本日(1月22日),衆院本会議で立憲民主党・枝野幸男代表や国民民主党・玉木雄一郎代表による代表質問が行われた.仮にも,つい先日まで合流に向けた協議が進められていた両党である事を鑑みれば,本来的には代表質問の(政策的な)内容は近似するはずであろう.しかしながら,実際にはある程度の開きがあったとの指摘は免れない.

立憲民主党・枝野幸男代表の代表質問について

立憲民主党・枝野代表による代表質問が

  1. 「桜を見る会」をめぐる問題
  2. 「桜を見る会」に関連する公文書管理
  3. 閣僚等についての問題
  4. 政権ビジョン
  5. 経済財政
  6. 社会保障・教育子育て
  7. エネルギー政策の転換
  8. 外交・安全保障
  9. 結び

という構成で,全体的に追究型の代表質問であったと指摘出来るだろう(立憲民主党:【衆院本会議】施政方針演説に対する代表質問 枝野代表が安倍政権に代わる政権の選択肢示す より).

そして,同質問では「理念的な文言」が目立った事も印象に残っている.いわば,立憲民主党の理念のエッセンスは充分に盛り込まれている一方で,そのエッセンスを具体的な政策として,換言すれば「財源裏付け」や「日本特有の条件との擦り合わせ」がなされた政策の提示は,必ずしも多くはなかったと捉えている.

無論,「桜を見る会」や,IRをめぐる収賄疑惑は野党として徹底的に追及すべきものであることは言うまでもない(付言すれば,昨年の通常国会で盛んに取り上げられていた厚労省の統計問題,あるいは森友・加計学園の問題も解決したとは言えないだろう).ただ,野党第一党として(政権交代を志向するのであれば)現政権に代わりうる具体的な政策を示すことは欠かすことができないのではないか.

国民民主党・玉木雄一郎代表の代表質問について

一方,国民民主党・玉木雄一郎代表による代表質問は,次の様な構成であった.

  1. はじめに IR汚職
  2. 86万人ショック
  3. 子ども
  4. 女性
  5. 若者等
  6. 台風・豪雨被害にあわれた方へのお見舞い
  7. 環境
  8. 農業
  9. 経済
  10. 外交
  11. 憲法
  12. 主体的な外交の展開に向けて
  13. おわりに:文明論の転換が必要

全体を通して,理念よりも,具体的なトピックを列挙する形で代表質問が行われていたことが印象的である(国民民主党:【衆院本会議】「国民にお詫びし、疑惑まみれの IR事業を凍結すべき」代表質問で玉木代表 より).

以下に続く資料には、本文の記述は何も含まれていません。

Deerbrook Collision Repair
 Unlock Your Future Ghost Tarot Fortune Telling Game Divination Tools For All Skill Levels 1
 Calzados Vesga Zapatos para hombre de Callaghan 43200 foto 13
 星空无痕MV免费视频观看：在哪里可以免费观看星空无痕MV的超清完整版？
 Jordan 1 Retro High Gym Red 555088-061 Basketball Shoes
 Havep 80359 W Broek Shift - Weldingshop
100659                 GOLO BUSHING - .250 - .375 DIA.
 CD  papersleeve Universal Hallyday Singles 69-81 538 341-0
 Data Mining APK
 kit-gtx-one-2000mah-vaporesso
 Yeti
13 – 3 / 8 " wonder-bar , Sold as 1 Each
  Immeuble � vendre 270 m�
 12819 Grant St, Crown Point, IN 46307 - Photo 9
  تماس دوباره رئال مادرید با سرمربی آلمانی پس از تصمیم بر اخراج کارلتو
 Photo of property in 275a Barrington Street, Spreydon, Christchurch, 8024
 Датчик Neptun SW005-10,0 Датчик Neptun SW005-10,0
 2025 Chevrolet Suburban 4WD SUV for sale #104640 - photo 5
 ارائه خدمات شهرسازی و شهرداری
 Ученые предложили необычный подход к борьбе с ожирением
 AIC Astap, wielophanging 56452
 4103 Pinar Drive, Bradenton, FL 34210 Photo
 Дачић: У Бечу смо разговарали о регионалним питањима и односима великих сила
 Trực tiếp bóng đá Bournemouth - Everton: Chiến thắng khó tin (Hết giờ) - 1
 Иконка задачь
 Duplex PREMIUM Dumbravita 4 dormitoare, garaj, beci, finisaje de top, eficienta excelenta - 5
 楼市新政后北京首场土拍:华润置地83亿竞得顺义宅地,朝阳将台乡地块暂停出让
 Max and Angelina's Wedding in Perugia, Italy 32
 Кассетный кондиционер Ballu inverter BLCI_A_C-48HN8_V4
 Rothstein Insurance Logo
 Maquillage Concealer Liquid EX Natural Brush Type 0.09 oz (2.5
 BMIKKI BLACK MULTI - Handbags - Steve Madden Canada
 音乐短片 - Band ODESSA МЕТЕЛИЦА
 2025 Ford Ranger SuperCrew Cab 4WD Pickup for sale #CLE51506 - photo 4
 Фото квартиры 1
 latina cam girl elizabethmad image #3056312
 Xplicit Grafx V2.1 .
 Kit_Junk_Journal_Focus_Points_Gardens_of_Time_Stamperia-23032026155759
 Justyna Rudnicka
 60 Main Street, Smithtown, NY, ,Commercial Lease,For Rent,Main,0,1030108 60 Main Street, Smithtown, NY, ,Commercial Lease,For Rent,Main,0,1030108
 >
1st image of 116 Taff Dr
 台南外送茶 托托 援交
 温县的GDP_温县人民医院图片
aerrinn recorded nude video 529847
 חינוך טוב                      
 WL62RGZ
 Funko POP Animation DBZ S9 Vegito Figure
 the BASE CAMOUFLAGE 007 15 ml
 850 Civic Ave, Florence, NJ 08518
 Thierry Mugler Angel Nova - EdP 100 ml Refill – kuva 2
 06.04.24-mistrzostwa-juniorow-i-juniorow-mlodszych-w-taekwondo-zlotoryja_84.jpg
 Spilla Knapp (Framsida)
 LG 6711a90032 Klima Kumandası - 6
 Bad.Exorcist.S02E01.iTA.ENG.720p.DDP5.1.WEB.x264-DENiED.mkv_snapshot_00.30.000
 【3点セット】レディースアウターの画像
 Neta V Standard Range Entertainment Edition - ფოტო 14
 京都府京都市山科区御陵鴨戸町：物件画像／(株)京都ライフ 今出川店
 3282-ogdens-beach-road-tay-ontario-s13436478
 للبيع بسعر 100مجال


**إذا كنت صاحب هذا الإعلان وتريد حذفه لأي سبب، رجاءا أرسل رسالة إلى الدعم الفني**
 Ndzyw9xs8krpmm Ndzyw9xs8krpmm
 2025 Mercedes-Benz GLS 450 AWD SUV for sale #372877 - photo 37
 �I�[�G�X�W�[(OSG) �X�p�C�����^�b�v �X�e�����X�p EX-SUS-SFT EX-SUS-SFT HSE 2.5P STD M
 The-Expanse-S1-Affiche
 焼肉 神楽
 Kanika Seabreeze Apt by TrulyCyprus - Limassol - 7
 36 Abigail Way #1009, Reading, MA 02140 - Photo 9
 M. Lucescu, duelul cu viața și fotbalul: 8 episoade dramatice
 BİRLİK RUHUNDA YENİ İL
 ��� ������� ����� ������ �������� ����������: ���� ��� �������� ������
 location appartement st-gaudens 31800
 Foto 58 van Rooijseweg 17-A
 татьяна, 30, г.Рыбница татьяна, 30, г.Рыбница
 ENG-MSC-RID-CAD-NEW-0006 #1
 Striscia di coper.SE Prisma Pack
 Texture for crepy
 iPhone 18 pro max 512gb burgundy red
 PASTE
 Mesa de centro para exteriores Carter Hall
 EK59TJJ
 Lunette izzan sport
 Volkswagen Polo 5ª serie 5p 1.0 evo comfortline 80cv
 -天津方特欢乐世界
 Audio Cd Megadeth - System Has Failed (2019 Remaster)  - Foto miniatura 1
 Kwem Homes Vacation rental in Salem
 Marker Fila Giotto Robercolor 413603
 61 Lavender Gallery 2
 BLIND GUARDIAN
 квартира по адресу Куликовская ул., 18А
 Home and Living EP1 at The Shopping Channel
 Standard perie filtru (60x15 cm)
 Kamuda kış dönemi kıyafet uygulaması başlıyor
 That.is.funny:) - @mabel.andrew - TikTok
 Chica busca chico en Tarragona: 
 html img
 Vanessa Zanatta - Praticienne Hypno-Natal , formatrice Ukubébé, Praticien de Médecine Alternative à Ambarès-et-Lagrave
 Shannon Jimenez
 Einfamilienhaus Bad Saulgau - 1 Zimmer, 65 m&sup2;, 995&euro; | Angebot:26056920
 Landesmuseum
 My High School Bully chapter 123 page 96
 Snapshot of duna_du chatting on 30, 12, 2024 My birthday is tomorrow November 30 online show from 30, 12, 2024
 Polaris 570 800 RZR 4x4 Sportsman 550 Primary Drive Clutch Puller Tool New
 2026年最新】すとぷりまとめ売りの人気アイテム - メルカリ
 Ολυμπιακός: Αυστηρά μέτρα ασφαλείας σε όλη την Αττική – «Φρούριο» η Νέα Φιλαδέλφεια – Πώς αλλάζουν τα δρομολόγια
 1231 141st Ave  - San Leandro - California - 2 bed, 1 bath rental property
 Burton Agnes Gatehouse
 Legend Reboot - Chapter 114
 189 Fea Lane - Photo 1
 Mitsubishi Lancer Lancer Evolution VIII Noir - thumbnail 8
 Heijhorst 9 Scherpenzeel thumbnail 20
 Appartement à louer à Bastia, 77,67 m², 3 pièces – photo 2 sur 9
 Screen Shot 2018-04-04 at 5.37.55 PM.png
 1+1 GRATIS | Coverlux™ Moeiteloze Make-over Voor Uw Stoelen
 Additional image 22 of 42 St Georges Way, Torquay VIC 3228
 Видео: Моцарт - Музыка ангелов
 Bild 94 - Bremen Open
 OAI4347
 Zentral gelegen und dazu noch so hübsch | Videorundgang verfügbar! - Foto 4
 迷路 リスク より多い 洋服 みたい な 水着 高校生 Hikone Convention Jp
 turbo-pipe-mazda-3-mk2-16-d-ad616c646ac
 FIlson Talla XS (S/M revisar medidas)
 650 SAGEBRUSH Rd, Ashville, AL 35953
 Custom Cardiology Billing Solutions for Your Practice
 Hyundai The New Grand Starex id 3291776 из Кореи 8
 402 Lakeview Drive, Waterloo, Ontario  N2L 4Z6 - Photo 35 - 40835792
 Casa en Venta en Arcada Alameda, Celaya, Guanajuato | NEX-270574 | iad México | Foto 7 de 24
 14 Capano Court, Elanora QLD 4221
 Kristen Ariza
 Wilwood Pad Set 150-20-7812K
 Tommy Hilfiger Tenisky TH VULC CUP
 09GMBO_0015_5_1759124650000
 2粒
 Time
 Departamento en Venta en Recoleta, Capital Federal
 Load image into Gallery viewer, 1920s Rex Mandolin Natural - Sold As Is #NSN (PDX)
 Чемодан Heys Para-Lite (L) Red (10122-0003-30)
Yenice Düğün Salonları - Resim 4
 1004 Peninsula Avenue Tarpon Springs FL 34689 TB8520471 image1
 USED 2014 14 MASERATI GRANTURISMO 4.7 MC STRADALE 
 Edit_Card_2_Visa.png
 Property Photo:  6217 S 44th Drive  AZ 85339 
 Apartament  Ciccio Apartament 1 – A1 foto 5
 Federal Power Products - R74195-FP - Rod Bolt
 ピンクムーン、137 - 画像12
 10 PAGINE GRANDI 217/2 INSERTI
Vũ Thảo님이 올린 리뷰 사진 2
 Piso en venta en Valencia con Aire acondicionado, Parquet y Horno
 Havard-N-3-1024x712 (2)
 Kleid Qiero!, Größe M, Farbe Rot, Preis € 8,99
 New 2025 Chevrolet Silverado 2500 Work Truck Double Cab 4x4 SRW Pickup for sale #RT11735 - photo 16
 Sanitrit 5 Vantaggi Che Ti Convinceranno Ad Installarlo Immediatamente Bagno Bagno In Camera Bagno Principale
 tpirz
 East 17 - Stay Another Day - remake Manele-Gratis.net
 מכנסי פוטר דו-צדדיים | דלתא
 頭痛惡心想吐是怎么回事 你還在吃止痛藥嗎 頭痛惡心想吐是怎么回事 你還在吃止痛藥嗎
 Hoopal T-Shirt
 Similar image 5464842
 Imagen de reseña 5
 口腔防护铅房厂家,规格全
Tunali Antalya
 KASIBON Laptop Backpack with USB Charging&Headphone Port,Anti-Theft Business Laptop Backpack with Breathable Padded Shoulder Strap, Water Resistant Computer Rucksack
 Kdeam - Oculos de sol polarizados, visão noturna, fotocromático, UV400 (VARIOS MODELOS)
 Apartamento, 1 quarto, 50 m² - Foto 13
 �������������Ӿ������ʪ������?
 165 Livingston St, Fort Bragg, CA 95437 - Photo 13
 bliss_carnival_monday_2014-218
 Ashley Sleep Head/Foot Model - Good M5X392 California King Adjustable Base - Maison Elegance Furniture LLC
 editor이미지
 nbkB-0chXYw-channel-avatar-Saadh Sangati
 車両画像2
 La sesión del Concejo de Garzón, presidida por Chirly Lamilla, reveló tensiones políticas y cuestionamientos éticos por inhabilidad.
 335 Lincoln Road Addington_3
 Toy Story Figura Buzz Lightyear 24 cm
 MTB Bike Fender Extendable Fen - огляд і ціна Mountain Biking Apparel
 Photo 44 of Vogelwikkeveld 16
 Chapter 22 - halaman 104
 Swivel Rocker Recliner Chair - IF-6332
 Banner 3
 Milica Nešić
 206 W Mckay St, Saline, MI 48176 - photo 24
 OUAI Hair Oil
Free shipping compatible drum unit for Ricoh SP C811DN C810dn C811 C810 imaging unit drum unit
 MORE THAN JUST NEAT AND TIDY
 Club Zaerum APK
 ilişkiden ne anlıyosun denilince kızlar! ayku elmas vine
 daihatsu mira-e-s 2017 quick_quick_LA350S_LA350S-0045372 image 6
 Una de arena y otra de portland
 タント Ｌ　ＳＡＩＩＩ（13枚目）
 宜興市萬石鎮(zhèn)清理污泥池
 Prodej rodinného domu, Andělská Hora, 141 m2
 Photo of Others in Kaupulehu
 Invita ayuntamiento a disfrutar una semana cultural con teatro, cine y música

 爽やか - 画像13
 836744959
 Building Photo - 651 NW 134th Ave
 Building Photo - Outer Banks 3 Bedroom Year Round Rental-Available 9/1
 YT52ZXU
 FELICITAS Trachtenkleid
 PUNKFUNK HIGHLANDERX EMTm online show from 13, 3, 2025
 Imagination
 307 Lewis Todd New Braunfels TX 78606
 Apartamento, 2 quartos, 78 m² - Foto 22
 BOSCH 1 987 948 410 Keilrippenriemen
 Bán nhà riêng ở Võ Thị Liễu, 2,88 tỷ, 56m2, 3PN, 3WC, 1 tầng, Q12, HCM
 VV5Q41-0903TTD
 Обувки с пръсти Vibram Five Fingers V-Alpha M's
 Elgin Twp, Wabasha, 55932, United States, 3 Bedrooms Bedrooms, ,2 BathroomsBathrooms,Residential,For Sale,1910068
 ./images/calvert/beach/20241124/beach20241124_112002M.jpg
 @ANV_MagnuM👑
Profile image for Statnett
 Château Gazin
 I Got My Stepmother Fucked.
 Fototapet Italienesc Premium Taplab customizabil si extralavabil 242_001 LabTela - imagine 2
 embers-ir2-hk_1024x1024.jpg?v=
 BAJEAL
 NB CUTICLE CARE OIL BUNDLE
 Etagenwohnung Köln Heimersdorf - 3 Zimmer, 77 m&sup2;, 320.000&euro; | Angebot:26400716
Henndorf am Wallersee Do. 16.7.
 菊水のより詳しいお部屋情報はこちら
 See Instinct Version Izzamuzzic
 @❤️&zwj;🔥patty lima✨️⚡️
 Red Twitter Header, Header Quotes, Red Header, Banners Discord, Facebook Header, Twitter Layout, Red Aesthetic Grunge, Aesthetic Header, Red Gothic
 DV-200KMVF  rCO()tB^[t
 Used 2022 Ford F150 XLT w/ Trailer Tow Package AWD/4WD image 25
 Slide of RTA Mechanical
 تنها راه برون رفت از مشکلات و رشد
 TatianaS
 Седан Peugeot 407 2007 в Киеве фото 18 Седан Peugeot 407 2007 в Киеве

少なくとも「具体性を伴った政策の提案が行われているか」という尺度においては,国民民主党が一歩,二歩先を行っているとの評価ができるのではないだろうか.また,子ども(子育て世代)や女性,若者といった,より社会的包摂が求められている属性を持つ人々について,積極的に言及をしていたことは,特筆すべき点であろう.

全文を読めば,その姿勢の違いは明らか

詳細な政策・スタンスの差異については,上記リンク先から代表質問全文を参照されたい.しかし,これまで若干量ながら触れてきた両党の政策・スタンスの差異を鑑みれば,過日の「両党合流の見送り」は適切な判断だったのではないか.私自身も,健全な野党の出現と長期的視点での二大政党制の実現には強く期待している.その為には,短期的視点の拠った党利党略,当選落選を天秤に欠けるのではなく,政策やスタンスが一致し,足腰の鍛えられた政党がまず以て登場することが必須であろう.

今回の合流の見送りが,足腰の鍛えられた政党の出現の端緒となることを,心から切望している.